I find it astonishing that almost irrespective of a believers level of education or erudition they still make these claims. I want to know if they truly understand why the fact that a lot of people agree with them that a god exists has any relevance as to the actual truth of the proposition. There was a time when 100 percent of people thought the Sun revolved around the Earth and that the Earth actually was created in Seven days. The extent to which a population believes something has no relevance as to its truth but according to Mair's logic if enough people actually believed in creationist theory then it would be more credible.
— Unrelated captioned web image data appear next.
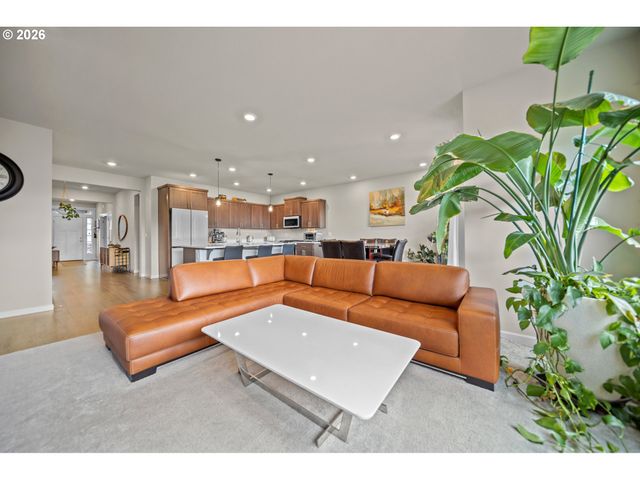 900 MARIE St, Mt Angel, OR 97362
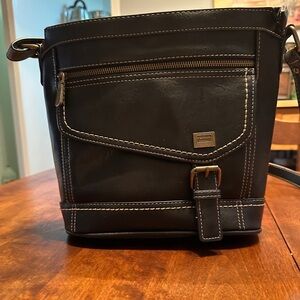 Elegant Black Faux Leather Crossbody Bag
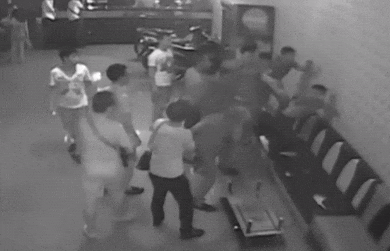 Con do Hai Phong hanh hung chu quan karaoke 'dam nhac nho' hinh anh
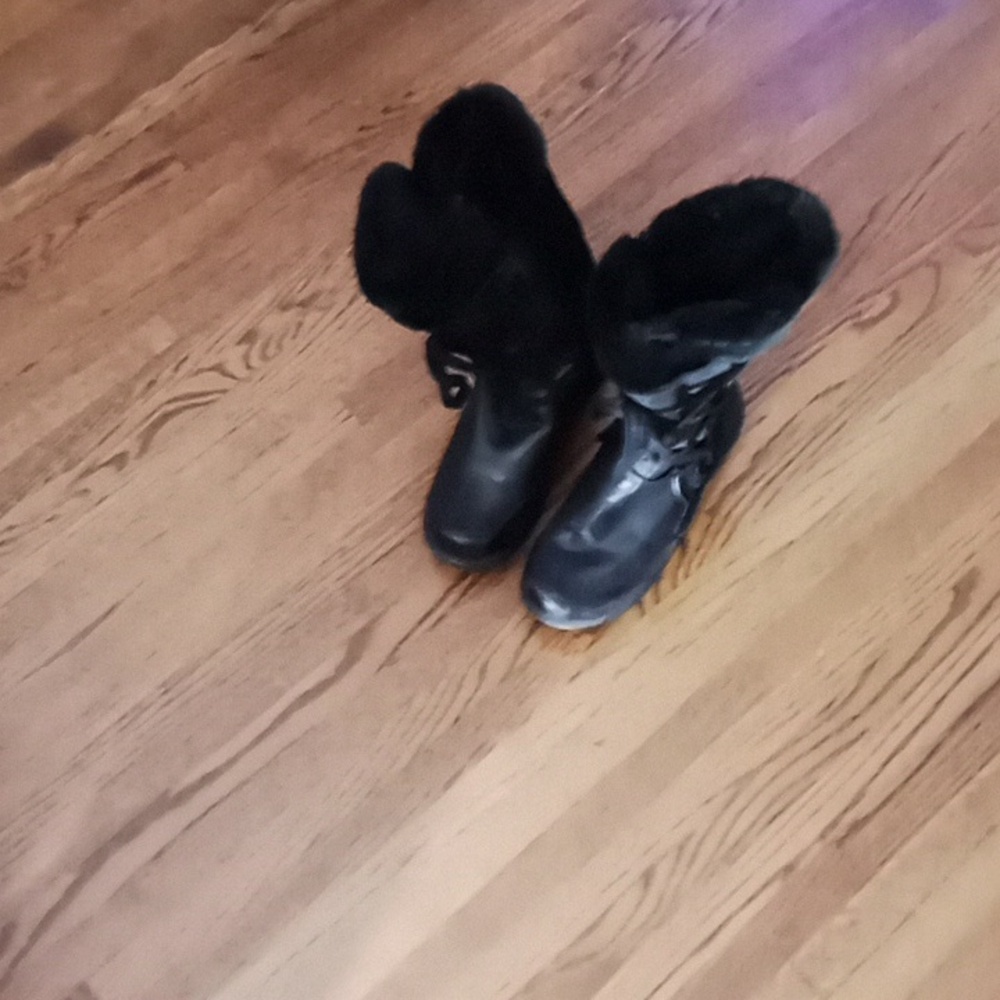Naturalizer Black Fur-Trimmed Winter Boots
Does she even believe that for a belief to be credible it has to square with evidence from the real world and not the warm happy thoughts in her head, even if they bear a vague resemblance to the warm happy thoughts that others have?

I would also point out that 91% of the population does not agree with her as they are fractures into innumerable sect ranging from Christian to Muslim, Catholic to Protestant, Baptist to Methodist all of which condemn each other to hell with varying ferocity.

I have seen this pattern of argument and belief my whole life. Part of the comfort and warmth people derive from religion is the sense that they are not the odd men out. They are part of the majority opinion and thus feel as though they can bully challengers with their numbers. They are totally blind to the fact that the esprit de corps they feel has nothing to say about the truth and reality of their beliefs, which have about as much basis in reality as unicorns, and whose followers often display all the intellectual maturity of a high school football pep rally.

And the caveat that "as a Catholic" she has to disagree with him is an odd one. Does she have to disagree with him as human being? Does she think that the fact that she has decided to react with credulity to the assertions of a beuracroacy of elderly virgins entitles her to entirely different standards of proof, reason, evidence, and honesty than the rest of us? Apparently because she has chosen to ally herself with one of thousands of Balkanized sects, she is entitled to a different (a Catholic) view of reality. I often hear people use phrases like "a Catholic perspective" or a "Christian perspective." Just replace the word perspective with "reality" and see how abusrd you sound. Is there such a thing as "Catholic chemisrty," "Catholic math," or "Methodist phyaics?" No. Then why would she have to disagree with Eric as anything other than a reasoning human being? Because as a religious person she has alas sacrificed her reason to credulity.